§ **What is expected**
The records that follow are to be given again exactly.

Web page caption snippets
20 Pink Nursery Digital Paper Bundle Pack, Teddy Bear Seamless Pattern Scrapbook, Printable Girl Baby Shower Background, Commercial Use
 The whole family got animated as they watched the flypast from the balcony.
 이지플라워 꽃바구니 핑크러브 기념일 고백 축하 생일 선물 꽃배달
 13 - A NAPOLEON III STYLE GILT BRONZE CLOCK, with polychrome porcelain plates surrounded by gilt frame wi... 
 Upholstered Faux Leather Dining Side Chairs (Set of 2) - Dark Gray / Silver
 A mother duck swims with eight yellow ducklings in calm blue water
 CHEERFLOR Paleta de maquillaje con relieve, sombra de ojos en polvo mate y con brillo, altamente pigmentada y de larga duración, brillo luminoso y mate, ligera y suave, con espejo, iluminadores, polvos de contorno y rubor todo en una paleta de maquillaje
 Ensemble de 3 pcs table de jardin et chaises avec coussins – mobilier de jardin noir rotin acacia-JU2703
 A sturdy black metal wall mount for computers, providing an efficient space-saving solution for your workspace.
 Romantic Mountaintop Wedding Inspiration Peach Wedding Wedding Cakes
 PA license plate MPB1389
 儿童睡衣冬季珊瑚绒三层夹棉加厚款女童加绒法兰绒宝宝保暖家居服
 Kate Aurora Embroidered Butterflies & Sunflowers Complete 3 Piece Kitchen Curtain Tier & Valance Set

§ **Written answer**
20 Pink Nursery Digital Paper Bundle Pack, Teddy Bear Seamless Pattern Scrapbook, Printable Girl Baby Shower Background, Commercial Use
 The whole family got animated as they watched the flypast from the balcony.
 이지플라워 꽃바구니 핑크러브 기념일 고백 축하 생일 선물 꽃배달
 13 - A NAPOLEON III STYLE GILT BRONZE CLOCK, with polychrome porcelain plates surrounded by gilt frame wi... 
 Upholstered Faux Leather Dining Side Chairs (Set of 2) - Dark Gray / Silver
 A mother duck swims with eight yellow ducklings in calm blue water
 CHEERFLOR Paleta de maquillaje con relieve, sombra de ojos en polvo mate y con brillo, altamente pigmentada y de larga duración, brillo luminoso y mate, ligera y suave, con espejo, iluminadores, polvos de contorno y rubor todo en una paleta de maquillaje
 Ensemble de 3 pcs table de jardin et chaises avec coussins – mobilier de jardin noir rotin acacia-JU2703
 A sturdy black metal wall mount for computers, providing an efficient space-saving solution for your workspace.
 Romantic Mountaintop Wedding Inspiration Peach Wedding Wedding Cakes
 PA license plate MPB1389
 儿童睡衣冬季珊瑚绒三层夹棉加厚款女童加绒法兰绒宝宝保暖家居服
 Kate Aurora Embroidered Butterflies & Sunflowers Complete 3 Piece Kitchen Curtain Tier & Valance Set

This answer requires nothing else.